**TRY IT**
Every entry must be output exactly as it was written.
START SUPPLIED MATERIAL
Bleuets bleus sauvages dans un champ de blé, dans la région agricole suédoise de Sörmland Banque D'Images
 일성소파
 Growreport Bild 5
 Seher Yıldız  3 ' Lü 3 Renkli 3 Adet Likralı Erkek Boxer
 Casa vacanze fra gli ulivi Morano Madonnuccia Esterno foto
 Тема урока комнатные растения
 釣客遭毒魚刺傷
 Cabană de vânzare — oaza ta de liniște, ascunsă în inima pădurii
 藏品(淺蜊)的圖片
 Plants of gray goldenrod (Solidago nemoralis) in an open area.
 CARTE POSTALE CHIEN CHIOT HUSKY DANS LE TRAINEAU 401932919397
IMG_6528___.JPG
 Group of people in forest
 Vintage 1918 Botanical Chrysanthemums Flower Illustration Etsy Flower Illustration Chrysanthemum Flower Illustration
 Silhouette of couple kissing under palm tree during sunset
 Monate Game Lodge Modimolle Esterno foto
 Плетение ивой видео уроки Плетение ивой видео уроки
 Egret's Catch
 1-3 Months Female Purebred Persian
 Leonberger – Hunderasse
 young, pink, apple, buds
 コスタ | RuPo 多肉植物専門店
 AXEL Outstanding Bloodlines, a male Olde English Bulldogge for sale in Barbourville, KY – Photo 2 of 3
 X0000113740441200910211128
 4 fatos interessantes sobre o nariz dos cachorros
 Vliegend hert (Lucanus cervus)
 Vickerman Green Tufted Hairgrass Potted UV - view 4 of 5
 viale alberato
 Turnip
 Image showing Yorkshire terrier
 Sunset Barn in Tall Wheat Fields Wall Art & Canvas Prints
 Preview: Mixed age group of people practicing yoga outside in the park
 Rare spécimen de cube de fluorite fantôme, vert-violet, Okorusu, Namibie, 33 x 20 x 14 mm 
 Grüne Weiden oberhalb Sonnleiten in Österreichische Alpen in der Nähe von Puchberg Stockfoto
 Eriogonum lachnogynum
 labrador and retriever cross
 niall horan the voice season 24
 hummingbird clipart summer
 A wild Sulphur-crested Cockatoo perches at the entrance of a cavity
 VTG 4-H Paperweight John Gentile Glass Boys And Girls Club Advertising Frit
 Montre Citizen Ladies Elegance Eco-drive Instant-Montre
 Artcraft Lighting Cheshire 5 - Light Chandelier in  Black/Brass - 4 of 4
END SUPPLIED MATERIAL
**WRITTEN ANSWER**
Bleuets bleus sauvages dans un champ de blé, dans la région agricole suédoise de Sörmland Banque D'Images
 일성소파
 Growreport Bild 5
 Seher Yıldız  3 ' Lü 3 Renkli 3 Adet Likralı Erkek Boxer
 Casa vacanze fra gli ulivi Morano Madonnuccia Esterno foto
 Тема урока комнатные растения
 釣客遭毒魚刺傷
 Cabană de vânzare — oaza ta de liniște, ascunsă în inima pădurii
 藏品(淺蜊)的圖片
 Plants of gray goldenrod (Solidago nemoralis) in an open area.
 CARTE POSTALE CHIEN CHIOT HUSKY DANS LE TRAINEAU 401932919397
IMG_6528___.JPG
 Group of people in forest
 Vintage 1918 Botanical Chrysanthemums Flower Illustration Etsy Flower Illustration Chrysanthemum Flower Illustration
 Silhouette of couple kissing under palm tree during sunset
 Monate Game Lodge Modimolle Esterno foto
 Плетение ивой видео уроки Плетение ивой видео уроки
 Egret's Catch
 1-3 Months Female Purebred Persian
 Leonberger – Hunderasse
 young, pink, apple, buds
 コスタ | RuPo 多肉植物専門店
 AXEL Outstanding Bloodlines, a male Olde English Bulldogge for sale in Barbourville, KY – Photo 2 of 3
 X0000113740441200910211128
 4 fatos interessantes sobre o nariz dos cachorros
 Vliegend hert (Lucanus cervus)
 Vickerman Green Tufted Hairgrass Potted UV - view 4 of 5
 viale alberato
 Turnip
 Image showing Yorkshire terrier
 Sunset Barn in Tall Wheat Fields Wall Art & Canvas Prints
 Preview: Mixed age group of people practicing yoga outside in the park
 Rare spécimen de cube de fluorite fantôme, vert-violet, Okorusu, Namibie, 33 x 20 x 14 mm 
 Grüne Weiden oberhalb Sonnleiten in Österreichische Alpen in der Nähe von Puchberg Stockfoto
 Eriogonum lachnogynum
 labrador and retriever cross
 niall horan the voice season 24
 hummingbird clipart summer
 A wild Sulphur-crested Cockatoo perches at the entrance of a cavity
 VTG 4-H Paperweight John Gentile Glass Boys And Girls Club Advertising Frit
 Montre Citizen Ladies Elegance Eco-drive Instant-Montre
 Artcraft Lighting Cheshire 5 - Light Chandelier in  Black/Brass - 4 of 4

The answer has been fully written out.